There are two approaches to introducing integration.  One is its application to computing area and, by extension, volume and length; and the second is that it is the inverse operation of differentiation whereby we can determine a function that has a given rate of change.  Which of these is the best way to introduce integration?  This a critical question to think about before starting integral calculus with your students.  There are plenty of textbooks that utilize either approach.  I believe it is better – both conceptually and pedagogically – to introduce integration with finding indefinite integrals (which I initially refer to as an antiderivative) by reversing the process of differentiation.  Students’ understanding is supported by doing this in the context of finding the distance an object travels during a given interval of time from knowing the object’s velocity; or, alternatively, finding an object’s future position (displacement) given its velocity and initial position or given its acceleration and initial velocity and initial position.

Although the computation of areas and volumes is a worthwhile application of integration, the more valuable application (in the long-term) for most students is using integration to solve differential equations.  Thus, in my opinion, it is best to initially focus on integration as a process by which we proceed back to a function from knowing about its derivative – i.e. antidifferentiation.

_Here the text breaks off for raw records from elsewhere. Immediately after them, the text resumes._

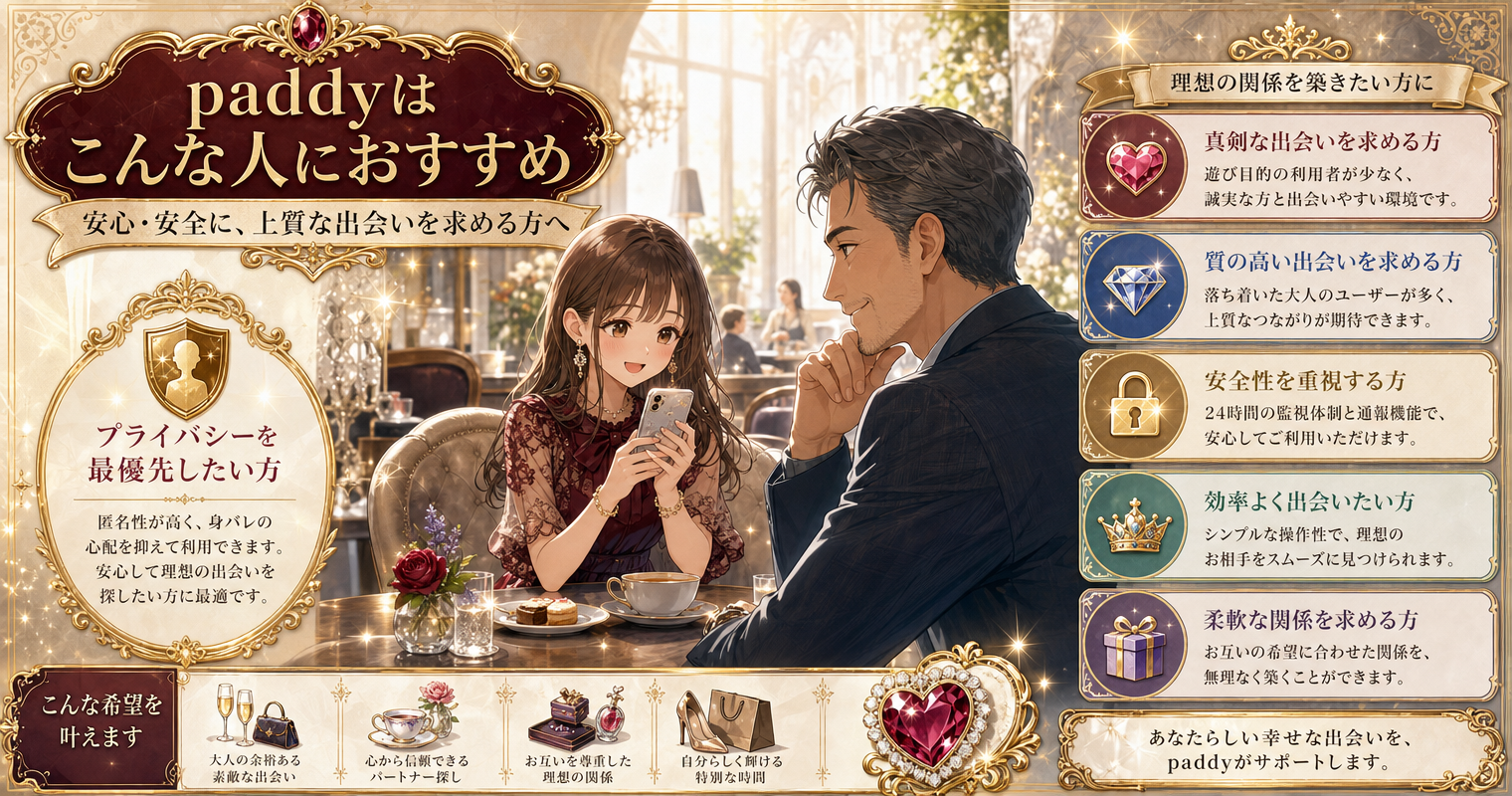 paddyはこんな人におすすめ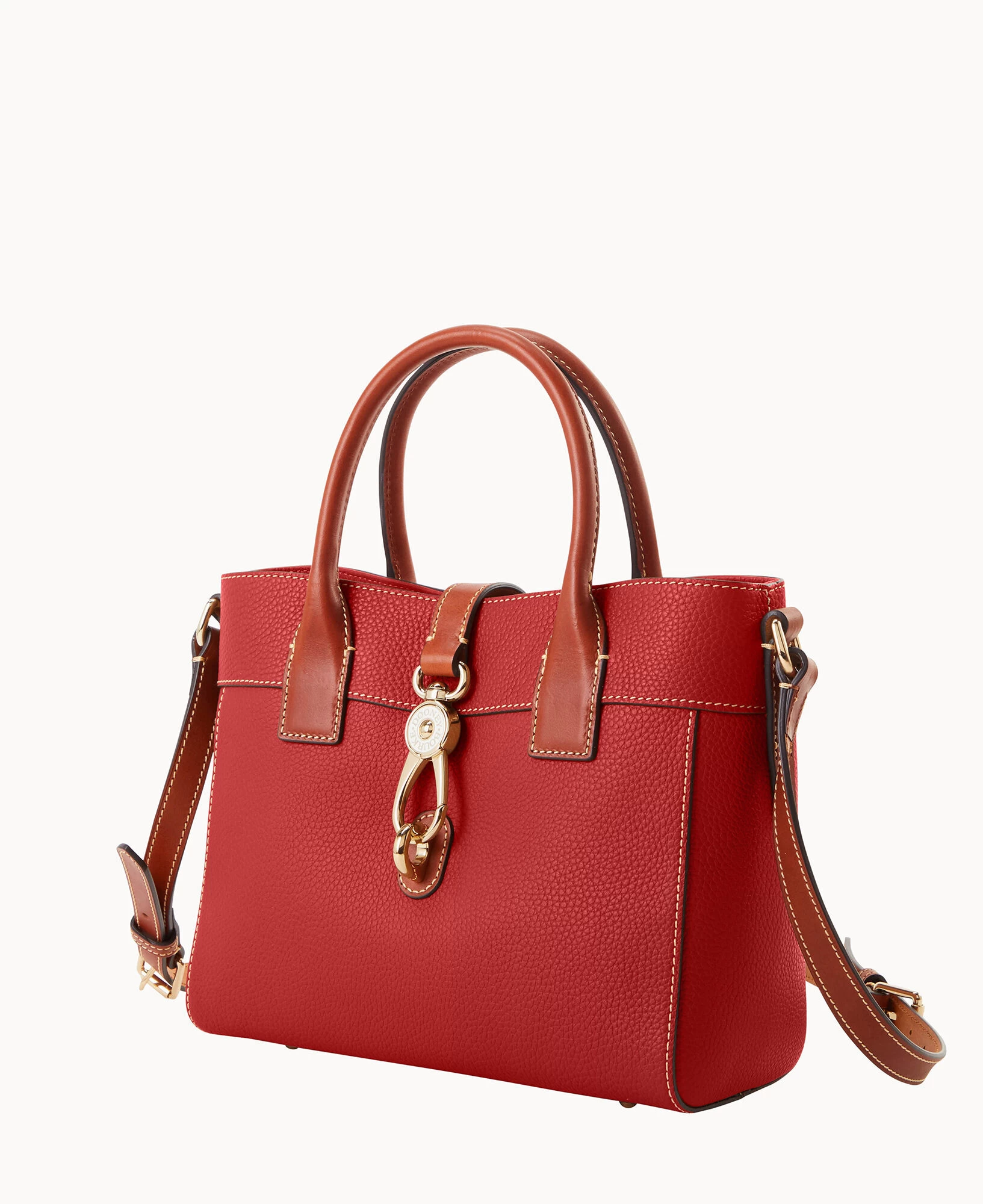Pebble Grain Amelie Tote Red 5 Pebble Grain Amelie Tote Red - Image 3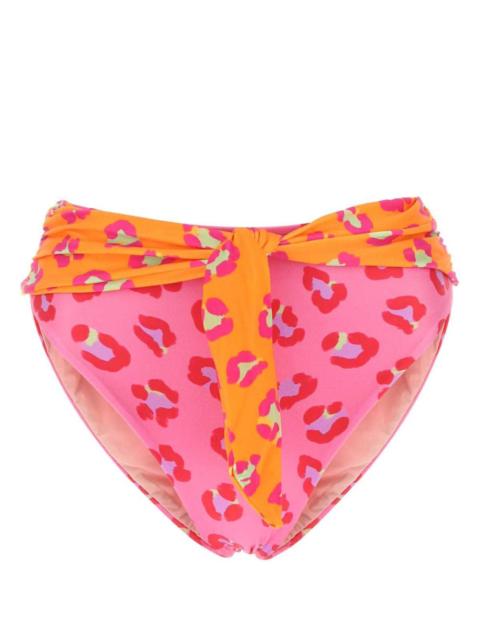 animal print stretch bikini bottoms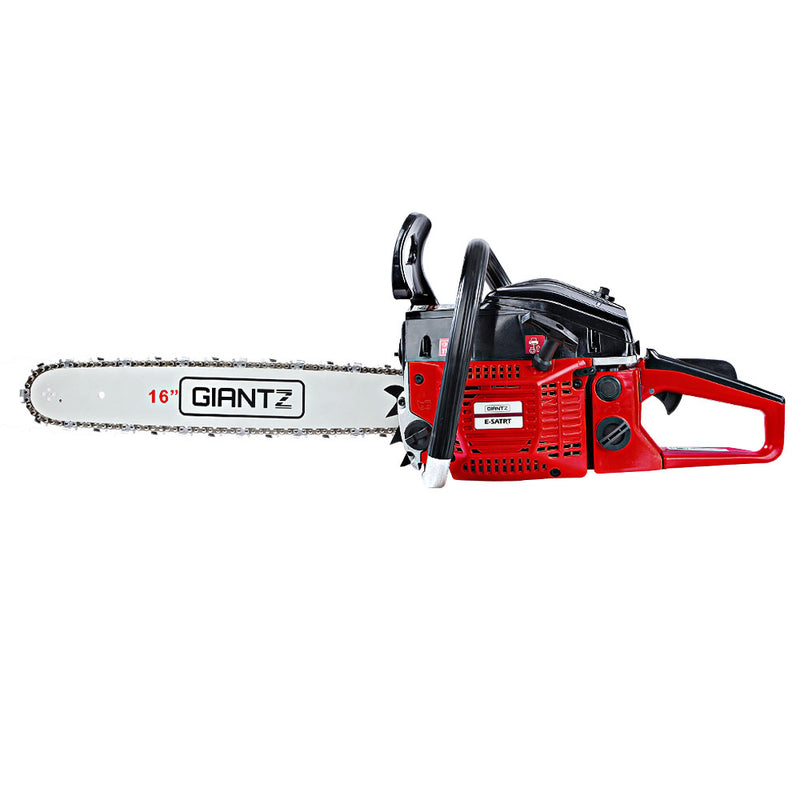 Giantz 45cc Petrol Commercial Chainsaw 16" Bar E-Start Pruning Chain Saw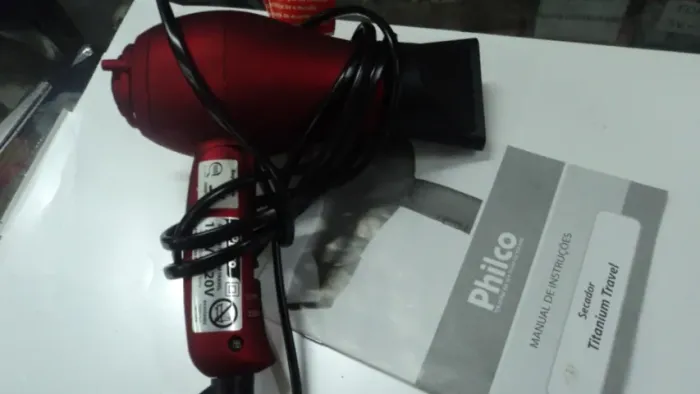 secador cabelo philco titanium travel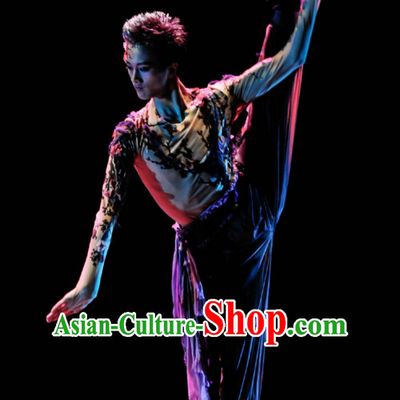 Chinese Classical Dancing Dance Costumes Complete Set for Men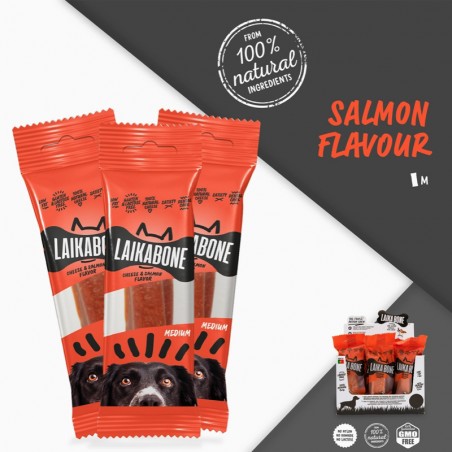 Laika Bone au Saumon - fromage à mâcher pour chien Laika Bone au Saumon - fromage à mâcher pour chien
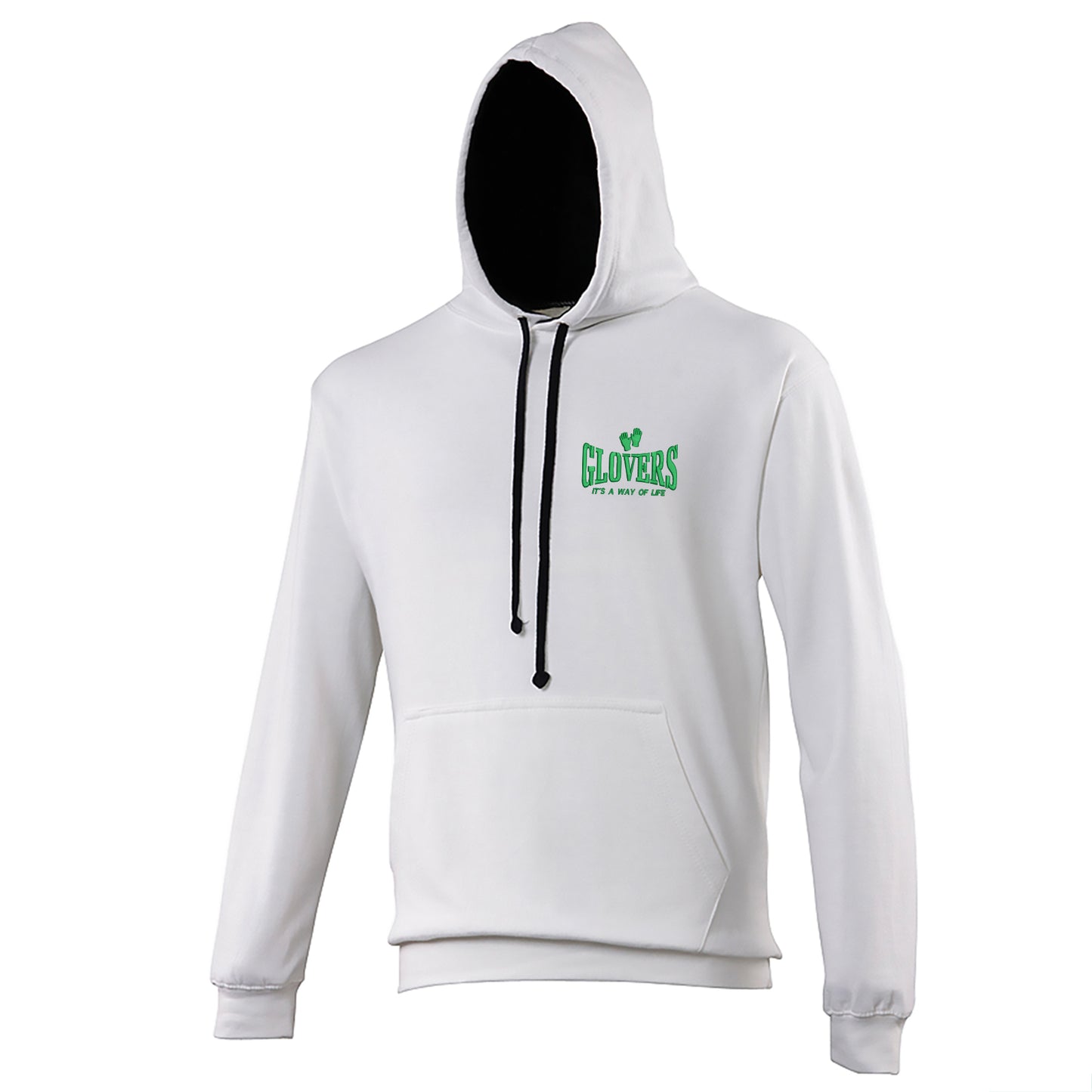 Glovers It's a Way of Life Embroidered Contrast Hoodie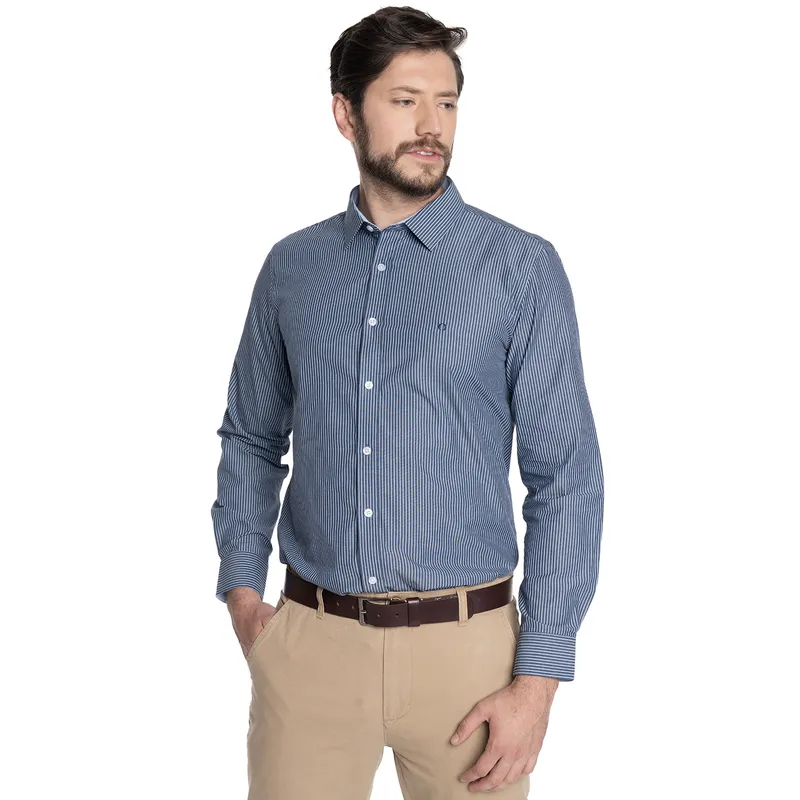 POTROS - CAMISA HOMBRE FORMAL MANGA LARGA TREVIRA LISTADA BILBAO - POTROS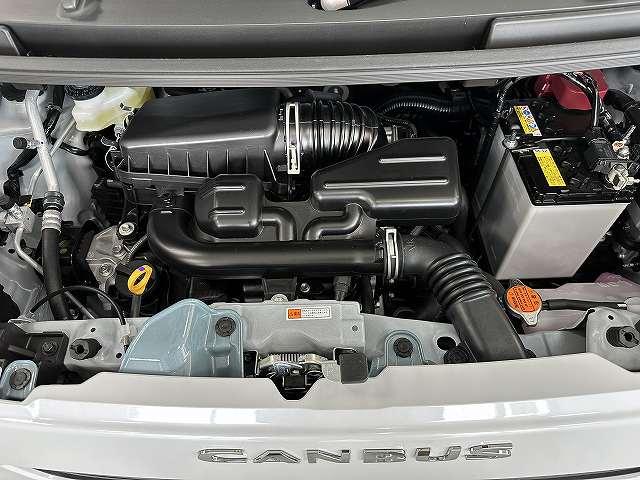ムーヴキャンバス ストライプスＸ　届出済み未使用車　屋内保管　純正ナビ装着用ＵＰグレードＰＫＧ　両側パワースライドドア　オートライト　Ｐスタート　キーフリ　走行６キロ　車検令和１０年５月　純正フロアマット＆ドアバイザー＆ＵＳＢチャージ（12枚目）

I’m certainly not saying to ignore teaching the connection between integration and area or to not deal with the integral as a limit of a (Riemann) sum.  I’m just suggesting that there are good reasons to begin the study of integration emphasizing it as the inverse process of differentiation.  I believe that, in general, students find this aspect of integration a bit easier to understand along with highlighting a very important (perhaps most important) application of integration – i.e. solving differential equations.  Using integration to compute areas can eventually develop from using antidifferentiation to solve certain kinds of differential equations, as I outline below.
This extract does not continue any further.